個々で自らで自らと対話することができる程度に成長させることが出来れば、あとはほっといても勝手に成長するよう。だが、勝手に成長できるまでの人間性を確立させることは難しい。
これを選手に促し、選手の自主性が選手自らの成長に伴って生まれてくるよう仕向けることができるなら、まちがいなくその指導者は本物の教育者だろう。
ただここで勘違いして欲しくないのは、自分を決めるのは自分であっても、自分の方向性を決めるのは自分でなくてもいい。
他者に「こんなにいいところがあるんだから、それを伸ばしなさい」と言われ、伸ばした方がいい方向性を決めてもらっても、自分との内的な葛藤をするいい材料になる。
私も父親に、小学生の時空手の段審査で落ちた時、こうあって欲しいと私名義の作文を書かれた。
内容としては平凡ながら、一字一字に心がこもっていて、「段審査をもう一度受ける為に頑張るんだ。お前にはそれができるはずだし、次は必ず受かる。その為の努力ができる人間だろう」と力強く教えられた。
その作文に関する話は当時も一切しなかったが、その文章に秘められた深い愛情を私は十分に理解できた。
別に泣ける要素なんて何もないのに、人知れず泣いた。
私が頑張れなくなった時、思い出すのはあの作文だし、自分が見えなくなった時、思い出すのはバナブル先生である。
私という自我の方向性を見出してくれた父とバナブルは、いつも私の心の中で息づいている。
卓球をするにも先輩たちのプレーが、言葉が、いつも私の心の中でこだまする。


後輩に本当に教えたかったことは、私がいつも思い出すような、自分を形づくる為に必要不可欠だった方向性とも言えるような経験、振り返れば力になるような一言だったと最近になってようやくわかってきた。

だが生憎そんな名言をポンポン言えるような器じゃない。
私ができるのは寄り添って一緒に考えてあげることくらい。卓球の技術的な考察くらいしかろくにできることはない。

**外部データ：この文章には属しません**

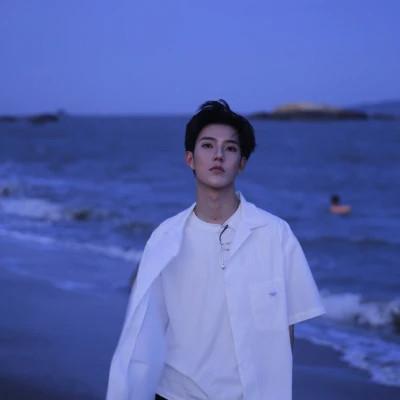 2024年流行男生头像风格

だが本当に大事なのは、育てるべきなのは人間力そのもの。

私が後輩達に名言を言えるよう次に学習すべきは解剖学ではなく哲学、心理学、精神医学とかその辺り。


・・・流石に国家試験三か月前にして哲学の闇に飲まれるのだけは避けたい。
卒業試験終えてから、既に一か月は棒に振っているし。
一度我に返ってみれば、私がなるのは、教師でも指導者でも心理学者でもなく医者だった。。
人のこと考える余裕は劣等生の私にはぶっちゃけ無い。


来年三月くらいまで、ブログの更新と密度を減らしていこうと思います。
長文を楽しみにされていた方は、、、、まずいないと思いますが、もしいらしたらすみません。

今後はフルドライブの各話考察と、気になった動画紹介をたまにする位にします。